第12話
「しかしなぁ…いくら産業革命があったからといって、俺らのいた国とはずいぶん違うよなぁ…このへんは」
わけのわからない機械に通されたり、初めて見る注射器で血を抜かれたりと散々な目にあった末にようやく宿舎に戻ることを許され、タクがぼやいた。

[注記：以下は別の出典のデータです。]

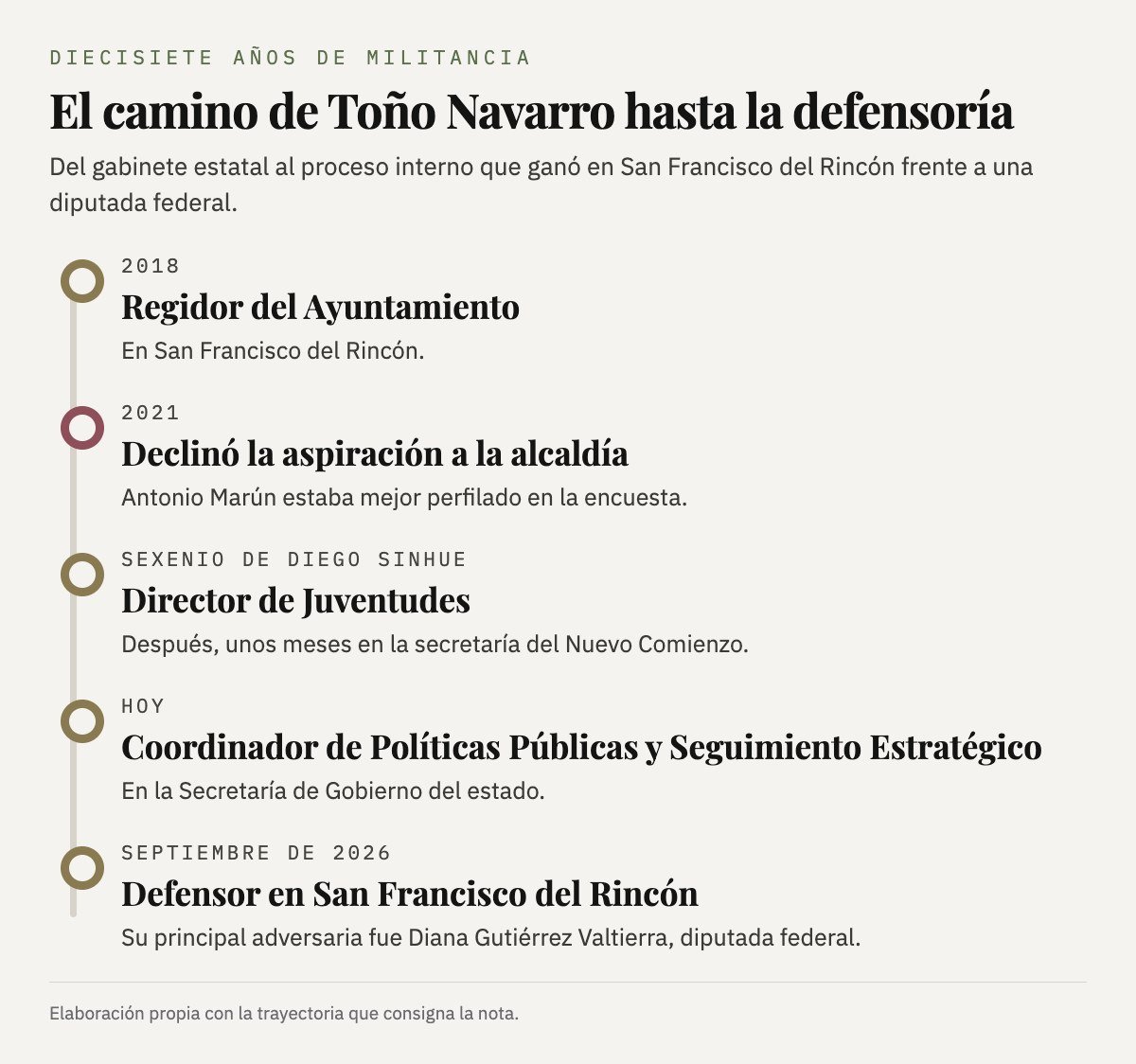 La trayectoria de Antonio Navarro: regidor en 2018, declinó en 2021, director de Juventudes, coordinador en la Secretaría de Gobierno y defensor en 2026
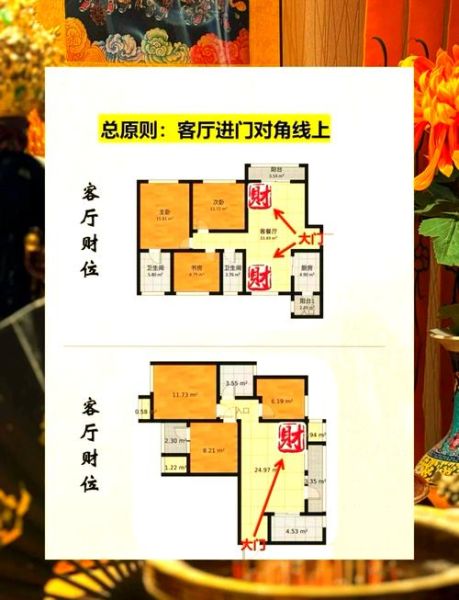 2019年财位在哪里_如何催旺2019年财运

「まあなぁ。こんな…シャワーっていうんだっけ?こんな仕組みもダリア近辺の国にはなかったな。こんな便利なものがあるなんて」
「なんかなぁ、世界って広いっていうか、異世界に来たみたいだよな。こんなに国ごとに文化や技術に差があっちゃ、頭がついてかねえや。同じ人間の暮らしとは思えないね」
「きっとあの蒸気機関車や飛行船がもっと発達してきたら、世界はそういう技術をもった国が全部支配するんじゃないか。国同士が遠いから今はまだ広がらないでいるけど」
「そうだな。ダリアなんて目じゃねえな、きっと。そのうちロンデルトが進出してきたら一発でアウトだな。あの王様も威張っていられるのは今のうちだ」
「そういうことだな」
洗い髪をガシガシと乾かしながら、タクは遠くを見る。
「なあ、ほんとにいると思うか?ユリはまだこの国に」
問われたタツの口調も迷いがないとは言い難いものであった。
「いるさ、きっと…。そう簡単に、死ぬもんか」
「だからさぁ、タツ、お前案外悲観論だよな」
苦笑したタクが肩をたたく。
「俺が言いたかったのはさ、もう違う国に引っ越しちまったとかいうことはないかってことだよ」
「ああ、…なんだ」
拍子抜けしたタツも苦笑いする。
「その可能性はゼロじゃないけど、ユリが医者になっていたとしたら、この国にいる確率は高いだろうよ。特別奨学患者ってのは、いろいろと義務を伴うものらしいから。国を離れるにはいろいろ面倒だって聞いたぜ」
「そうなのか?でもそれだと、会えても俺たちと一緒に来られないじゃないか」
「それはなぁ、そうだけど。でも会ってみて説得次第じゃないのか」
「…タツ、お前変なとこで急に楽観論者になるなぁ」
普段と立場が逆転していることを感じながら、タクは固いベッドに寝転がる。気持ちはわかるのだ。しっかり者のタツだって、ユリに会えるかもしれないとなると、気持ちは浮つくというものだ。それはタクだって違いはない。
「十年か。どんな風になってるだろうな?」
タクの言葉が心持はずんだことを感じてか、タツがにやつく。
「そりゃー、絶世の美女に決まってるだろ。ほんとにお前の嫁に来てくれるかなぁ?」
「あっなんで知ってんだよ、そのこと!?」
顔を赤くするタクを見て、タツは笑う。
「気にすんな、もう時効だ。お前の声がでかかったから聞こえたんだよ」
「あーもう、たまんないな」
飾り気のない天井を眺めながら、二人は思いをはせる。
草のにおいのする故郷の景色と、その中で笑っていた小さな妹。
それはもう、今では見ることのかなわない景色だった。